Auch der Grund des Umstiegs von Voll- auf Teilzeit spielt bei einigen BU-Versicherern eine Rolle. Beispielsweise greift die Teilzeitklausel nur dann, wenn der Versicherte seine Arbeitszeit reduziert hat, um die Kinder zu erziehen oder nahe Angehörige zu pflegen, nicht aber um schlicht mehr Freizeit zu haben. Bei anderen Anbietern, darunter die Nürnberger Versicherung und Condor, gilt die Klausel unabhängig von den Teilzeitgründen. „Wir schützen auch all diejenigen vor Nachteilen im Fall einer BU, die einfach eine bessere Work-Life-Balance anstreben und deshalb ihre Arbeitszeit zeitweise reduzieren“, sagt Andrea Wolf, Referentin Altersvorsorge und Biometrie bei der Nürnberger.  

Dauer der Teilzeit ist wichtig

Auch die Dauer der Teilzeit ist relevant. Bei den meisten BU-Versicherern gilt die Teilzeitklausel nur für den Fall, dass Versicherte ihre Arbeitszeit für eine begrenzte Phase reduzieren. Bei der Helvetia sind das grundsätzlich 24 Monate. Bei Teilzeit zum Zwecke der Kinderbetreuung oder der Pflege von Angehörigen verlängert sich die Frist auf fünf Jahre. Nach Ablauf der Frist gilt im BU-Leistungsfall nicht mehr die Günstigerprüfung mit dem früheren Vollzeitjob, sondern nur die zuletzt ausgeübte Tätigkeit, also gegebenenfalls auch in Teilzeitarbeit. Bei der Nürnberger ist die Frist mit zehn Jahren großzügig bemessen, zudem gilt sie unabhängig vom Teilzeitgrund. Noch kundenfreundlicher ist in diesem Punkt die Condor. Dem BU-Versicherer ist es egal, warum und wie lange jemand von Voll- auf Teilzeit umstellt. Die Teilzeitklausel gilt unbegrenzt bis zum BU-Vertragsende. 

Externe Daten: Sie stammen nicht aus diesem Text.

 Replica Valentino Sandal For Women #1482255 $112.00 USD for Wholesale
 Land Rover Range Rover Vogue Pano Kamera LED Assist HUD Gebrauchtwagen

Die vielen unterschiedlichen Regelungen machen den Markt nicht gerade transparenter. Und es wird noch komplizierter. Bei einigen BU-Versicherern gilt die Teilzeitklausel nur für Arbeitnehmerinnen und Arbeitnehmer. Andere, darunter Nürnberger, Baloise oder Condor, schließen auch Selbstständige und Freiberufler in ihre Klausel ein. Wieder andere versprechen ihren teilzeitbeschäftigten BU-Kunden eine Günstigerprüfung im Leistungsfall. Denn nicht immer würden Versicherte mit einer Teilzeitklausel besser fahren als ohne, so Jens Patze, Produktmanager Leben bei der Helvetia. „Es kann Fälle geben, bei denen ein Versicherer aufgrund einer Teilzeitregelung nicht leistet, ohne Klausel dagegen schon.“  

Kurz gesagt: Vor uns liegt ein bunter Flickenteppich unterschiedlicher Teilzeitklauseln. Allerdings dürften sich die Angebote der Versicherer langfristig angleichen. „Im Werben um Neukunden werden die Versicherer ihre Bedingungen immer weiter optimieren“, so Expertin Wolf von der Nürnberger.  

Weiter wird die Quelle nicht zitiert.